In 2020, Britannica estimated that over 4.5 billion people had access to the internet. As that number continues to grow, it is essential that internet bandwidth be distributed fairly across multiple users.
Bandwidth is defined as the maximum amount of data that can be sent over an internet connection in a given amount of time. For any given internet connection, there are likely many users sharing its bandwidth. Consider, for example, the case of a household internet connection with several users with some using streaming services and others using basic services like email. The internet connection must be allocated to each device in a way that is fair while also ensuring sufficient speed. This is achieved through congestion control algorithms.
The internet can be thought of as a water pipe, with congestion control algorithms metering the water connection to balance both speed of delivery (latency) and fairness of quantity (bandwidth). Image used courtesy of CompiraLabs
Recently, however, a team of researchers at MIT found that flaws in network congestion algorithms may be unevenly distributing bandwidth to internet users.
How Congestion Control Algorithms Can Cause Network “Starvation”
Since congestion control algorithms are critical to sharing the modern internet, researchers have invested heavily in optimizing and streamlining them. In 2017, Google engineers developed the BBR (bottleneck bandwidth and round-trip propagation time) congestion control algorithm (CCA), which was later deployed in 2019 by Amazon Cloudfront.
However, MIT researchers have recently published a study that asserts that BBR and similar “delay-bounding” congestion control algorithms cannot always avoid a scenario known as bandwidth starvation. Starvation in this context refers to one connected device hogging available bandwidth and consequently blocking another connected device from accessing minimal or any bandwidth at all.
Delay-bounding congestion control algorithms work by adjusting their congestion window, typically defined as the number of packets a device is allowed to send out into the network at a given time, by measuring the round-trip time (RTT) of the network. RTT is defined as the duration between when a packet is sent out from a device to when an acknowledgment is received by a remote server.
Illustration of round-trip time (RTT). Image used courtesy of StormIT
MIT Discovers Roadblock in Network Distribution
Recently, MIT proved that delay-bounded CCAs can result in starvation. In a published study, the researchers pointed out that delay-bounded congestion control algorithms are also "delay-convergent," meaning they converge to an RTT that oscillates between two values over time.

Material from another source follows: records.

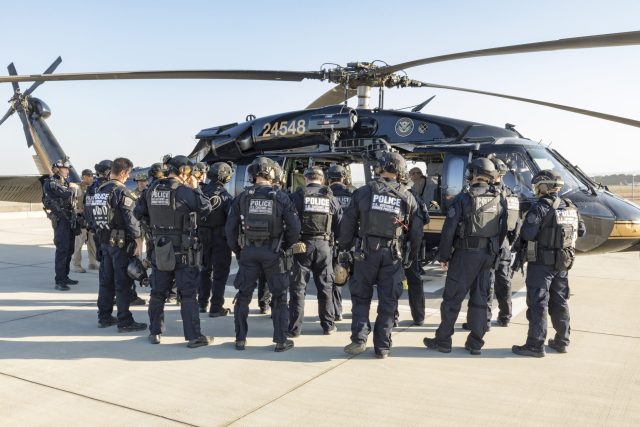 Emergency vehicles and responders outside a modern tactical training facility after a blast during SWAT drills.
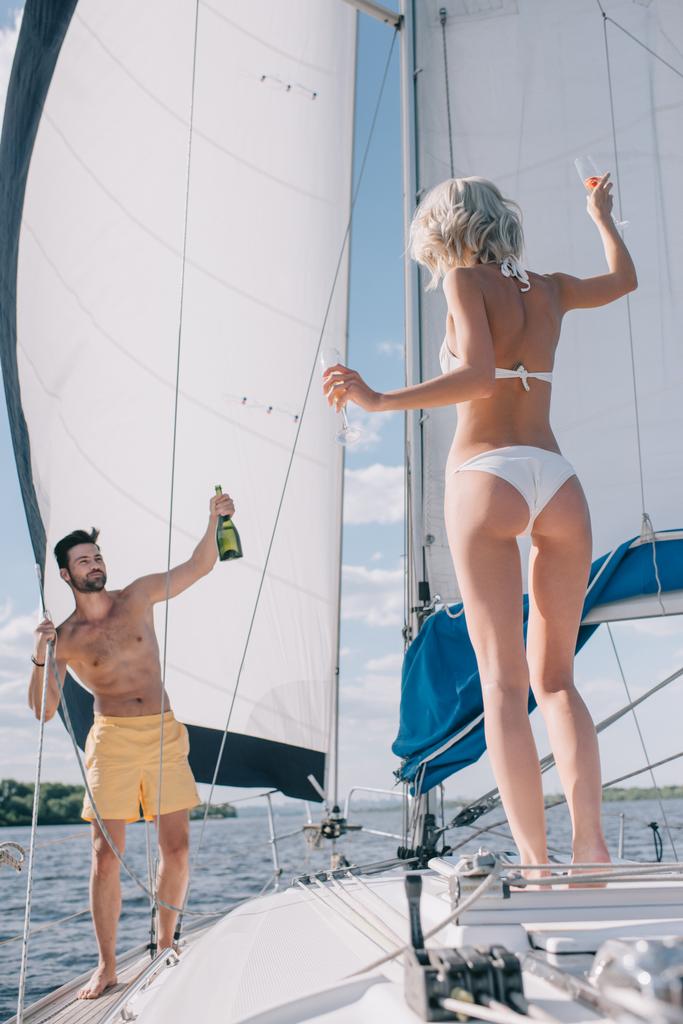knappe man van de shirtless weergegeven: fles champagne te vriendin met een bril op jacht - Foto, afbeelding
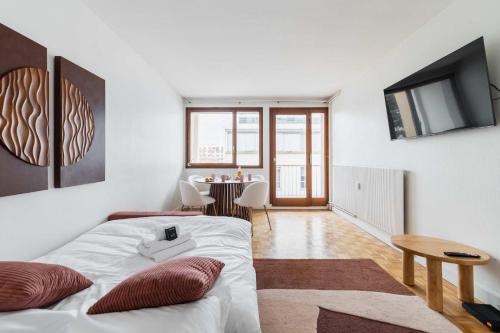 une chambre blanche avec un lit et une table dans l'établissement Appartement Paisible proche parc des princes - 4P - FLAT-GUEST, à Boulogne-Billancourt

Delay-convergent property of delay-bounded congestion control algorithm. Image used courtesy of MIT
Using formal mathematics, the MIT researchers showed that if a delay-bounded (convergent) algorithm operates on two different real-world links (for instance, two different devices sharing a connection), they can converge to vastly different sending rates. In other words, one of the links can be starved of bandwidth.
Two different links converge to different sending rates when delay-convergent CCA is used. Image used courtesy of MIT
This occurs because of network “jitter”—delays in the network not caused by congestion but by other random events. When the jitter for two different links deviates, delay-convergent algorithms converge to an RTT, which may not reflect the actual congestion present on the link.

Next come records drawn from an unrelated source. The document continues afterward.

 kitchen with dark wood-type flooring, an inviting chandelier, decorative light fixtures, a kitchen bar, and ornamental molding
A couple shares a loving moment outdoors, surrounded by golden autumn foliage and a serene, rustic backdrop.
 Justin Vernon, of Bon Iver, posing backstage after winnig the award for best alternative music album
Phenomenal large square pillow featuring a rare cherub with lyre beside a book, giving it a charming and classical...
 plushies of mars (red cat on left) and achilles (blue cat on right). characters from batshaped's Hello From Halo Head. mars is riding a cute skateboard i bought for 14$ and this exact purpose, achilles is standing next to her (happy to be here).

Improving Congestion Control Algorithms
According to Mohammed Alizadeh, associate professor of electrical engineering and computer science at MIT, one way to resolve this issue is to design an algorithm in which the oscillation converges to an RTT range greater than the jitter present on a link. Alizadeh also asserts that current delay-convergent CCAs almost always result in starvation under certain scenarios. Future CCAs will have to take this behavior into account to avoid bandwidth starvation.